Voto contro natura


Salvatore Grita (1828 – 1912) – Scultura in marmo – Firenze, Palazzo Pitti.

Una dedica alquanto insolita scolpita sul basamento, così come è insolita la scultura realizzata intorno il 1860/70 da Salvatore Grita e intitolata “Voto contro natura“, facente parte delle collezioni di Palazzo Pitti di Firenze.
La figura femminile in abiti religiosi in evidente stato di maternità, posta in un angolo come fosse prigioniera, se non fosse per la scritta incisa alla base la sua lettura potrebbe essere alquanto diversa: la dedica è la chiave per comprendere sia l’opera scultorea sia la personalità di questo autore non eccessivamente conosciuto: “Ai protettori e sostenitori del voto contro natura“.
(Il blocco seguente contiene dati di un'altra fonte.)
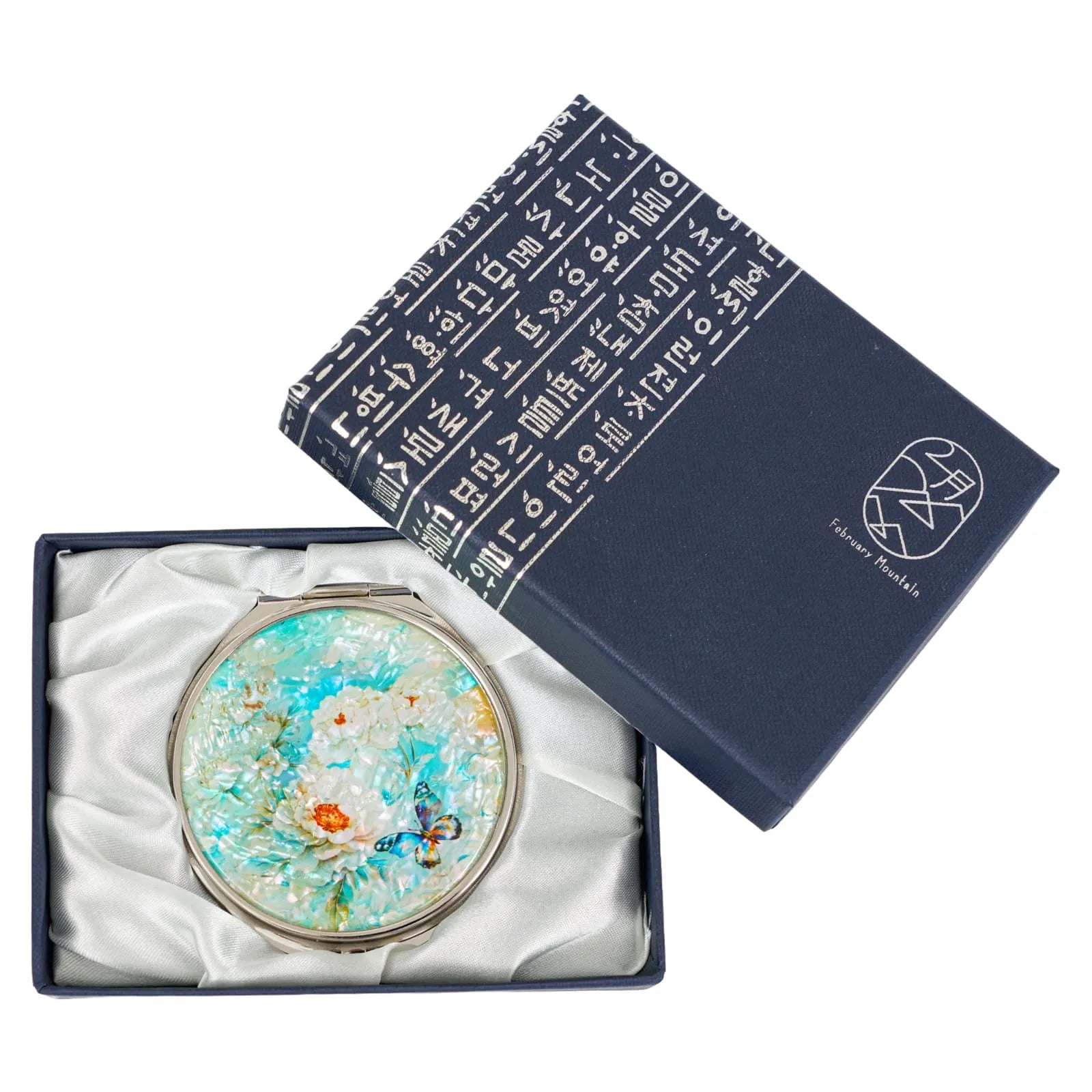 Korean mother-of-pearl compact mirror in gift box with white peonies and butterfly design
Per dirla con il Pompieri: “… un monito che non lascia dubbi, un urlo contro la consuetudine di rinchiudere in convento le ragazze madri, amplificato dallo squallore dell’ambientazione architettonica che sottolinea una disperazione spirituale” (Conte Arcibaldo Pompieri di Viggiù, “Con ‘sta pioggia, con ‘sto vento, chi è che bussa al mio convento?” – testo apocrifo; Scarmhausen 1992).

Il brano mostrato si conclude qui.